*What the task asks*: Without the images, reproduce every entry exactly.

*** Opening Input data ***

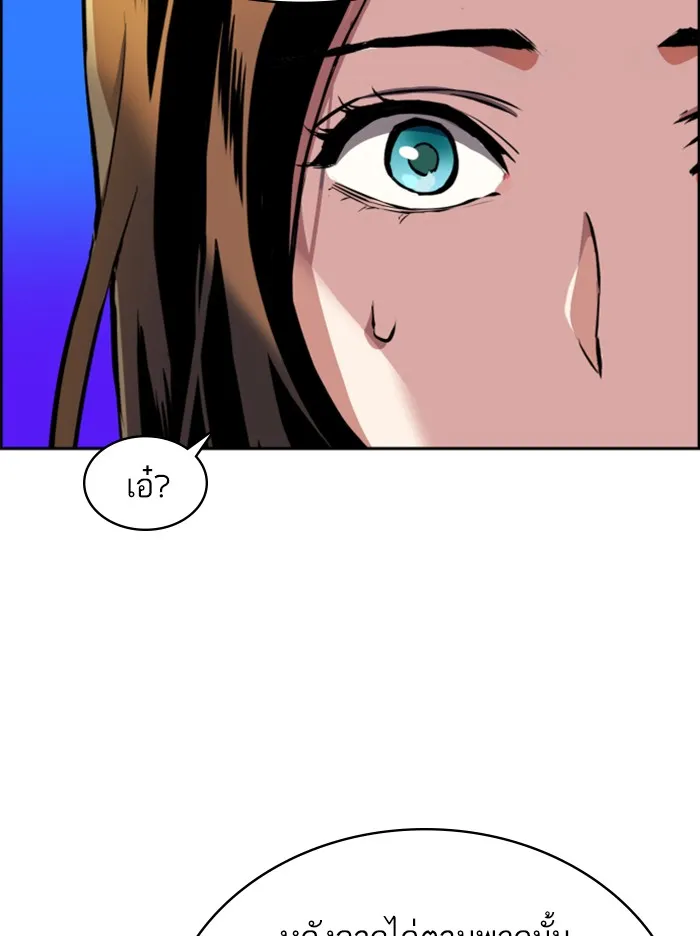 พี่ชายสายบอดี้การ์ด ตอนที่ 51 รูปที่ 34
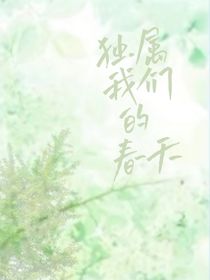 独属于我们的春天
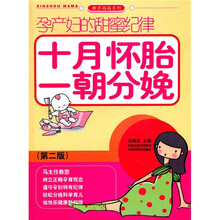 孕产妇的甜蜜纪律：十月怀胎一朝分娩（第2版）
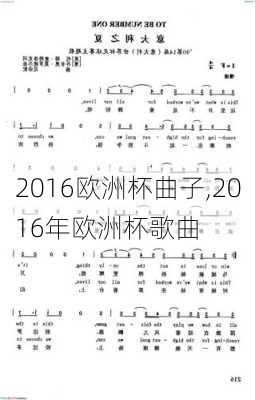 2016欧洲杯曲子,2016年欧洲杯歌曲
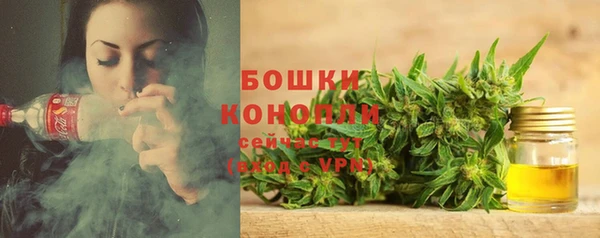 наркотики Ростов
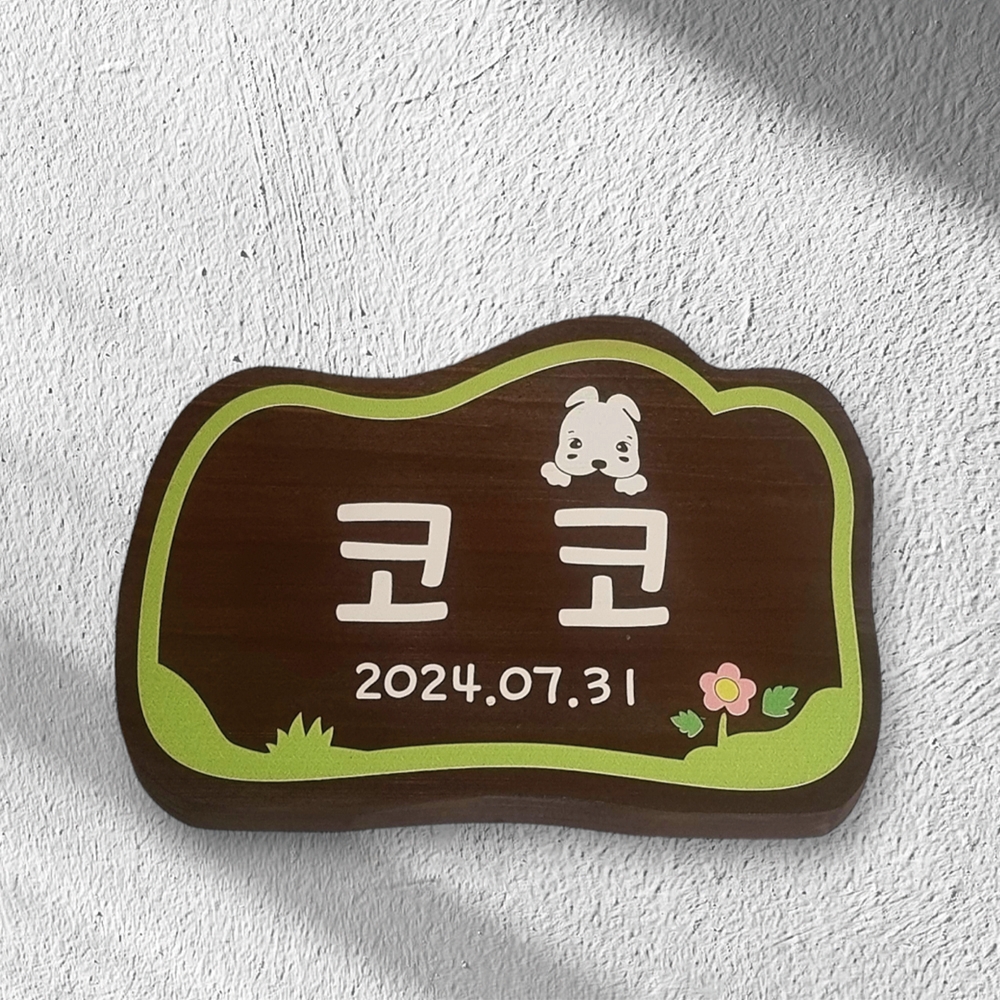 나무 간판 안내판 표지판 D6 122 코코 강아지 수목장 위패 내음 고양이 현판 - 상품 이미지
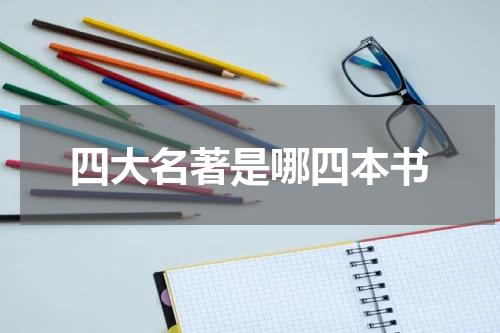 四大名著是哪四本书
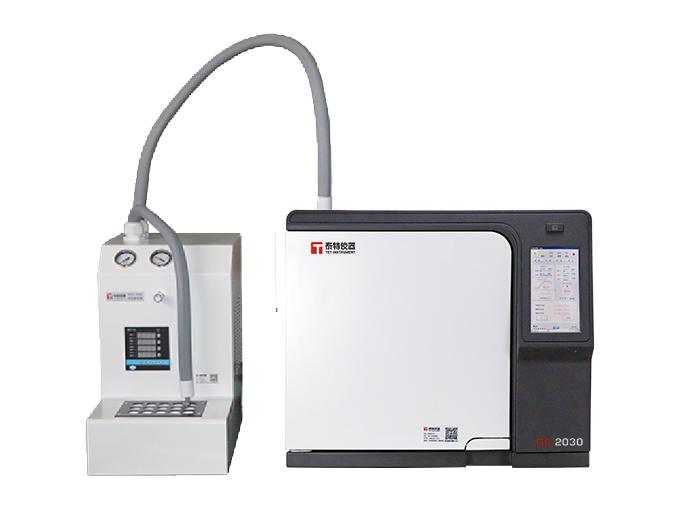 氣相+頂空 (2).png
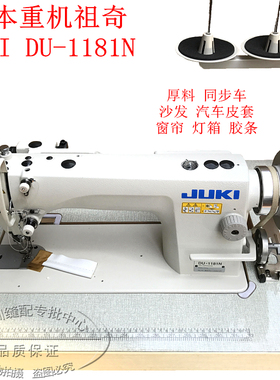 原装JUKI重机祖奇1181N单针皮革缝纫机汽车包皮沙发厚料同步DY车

*** Closing Input data ***

*Solution*:
 พี่ชายสายบอดี้การ์ด ตอนที่ 51 รูปที่ 34
 独属于我们的春天
 孕产妇的甜蜜纪律：十月怀胎一朝分娩（第2版）
 2016欧洲杯曲子,2016年欧洲杯歌曲
 наркотики Ростов
 나무 간판 안내판 표지판 D6 122 코코 강아지 수목장 위패 내음 고양이 현판 - 상품 이미지
 四大名著是哪四本书
 氣相+頂空 (2).png
 原装JUKI重机祖奇1181N单针皮革缝纫机汽车包皮沙发厚料同步DY车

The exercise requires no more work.